The response should consist only of the lines from the one with "Apartamento à venda com 134m², 3 quartos e 3 vagas Apartamento" to the end of the data below, copied exactly and without pictures.

Content starts

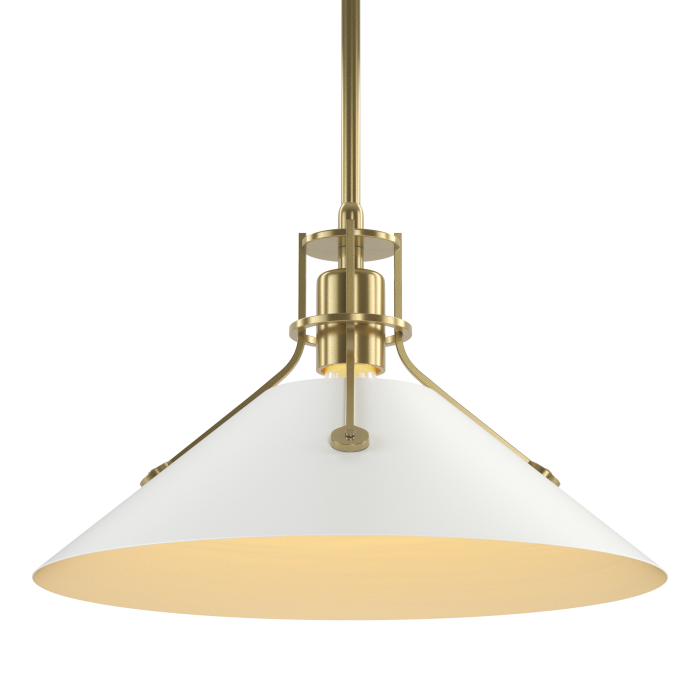Hubbardton Forge 134550-SKT-MULT-86-02_99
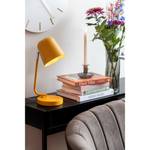 Lampe de Table Encantar Jaune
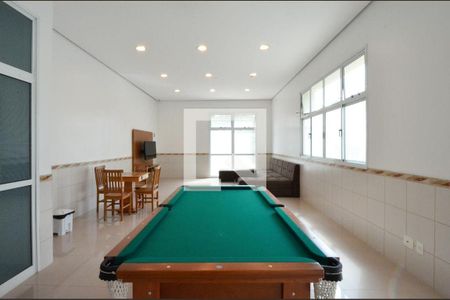 Apartamento à venda com 134m², 3 quartos e 3 vagas Apartamento à venda com 134m², 3 quartos e 3 vagasÁrea Comum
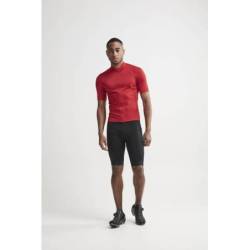 Essence Jersey M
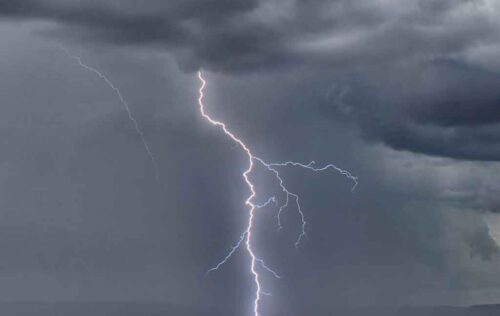 registra-costa-rica-unas-54-mil-descargas-atmosfericas-en-una-semana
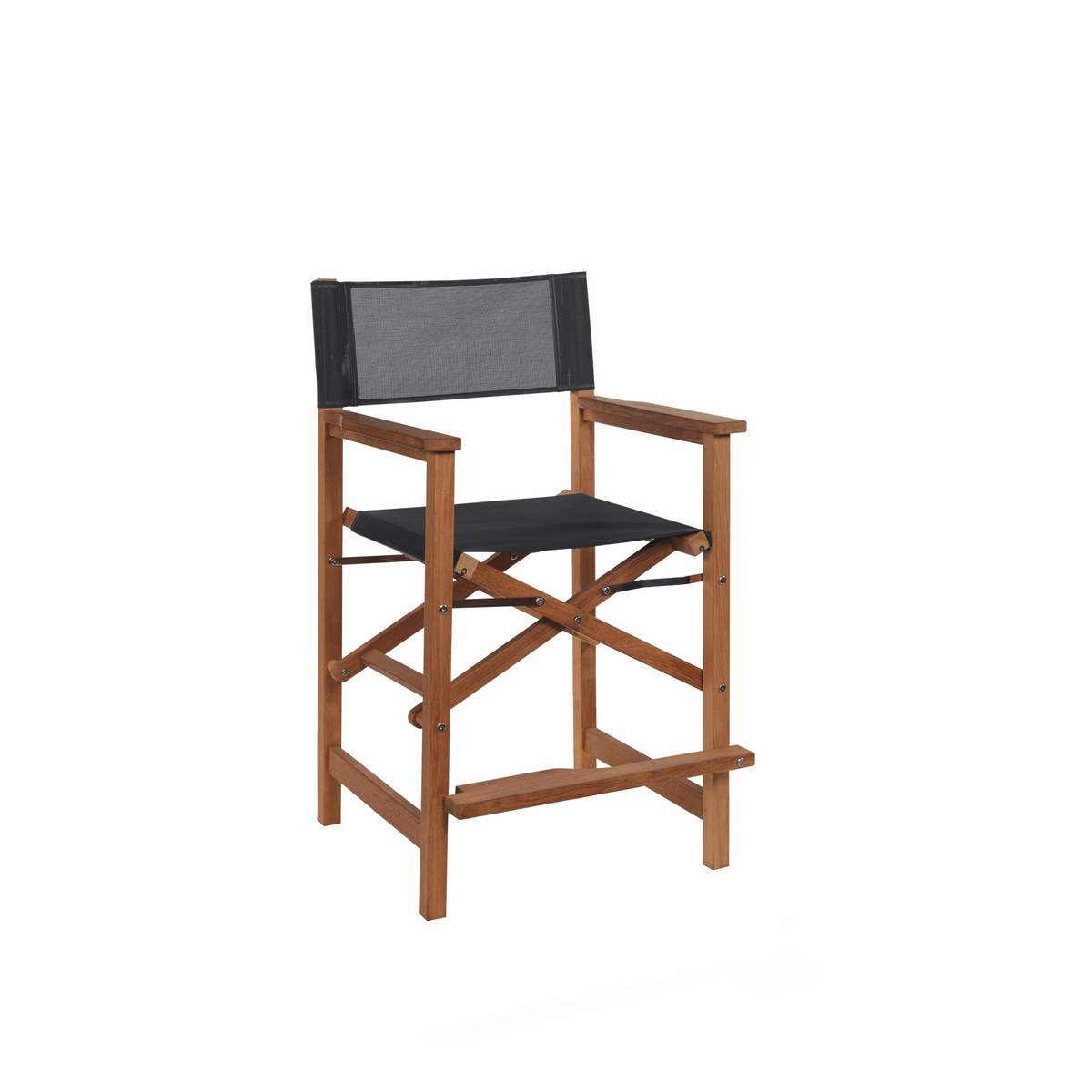 DIRECTOR 5-PIECE COUNTER HEIGHT SET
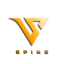 SPINE GAMING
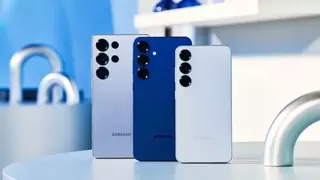 双十二礼遇加持 三星Galaxy S25系列旗舰体验更超值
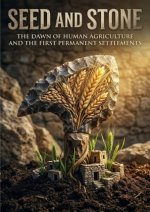Seed and Stone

Content ends

## Task solution
 Apartamento à venda com 134m², 3 quartos e 3 vagas Apartamento à venda com 134m², 3 quartos e 3 vagasÁrea Comum
 Essence Jersey M
 registra-costa-rica-unas-54-mil-descargas-atmosfericas-en-una-semana
 DIRECTOR 5-PIECE COUNTER HEIGHT SET
 SPINE GAMING
 双十二礼遇加持 三星Galaxy S25系列旗舰体验更超值
Seed and Stone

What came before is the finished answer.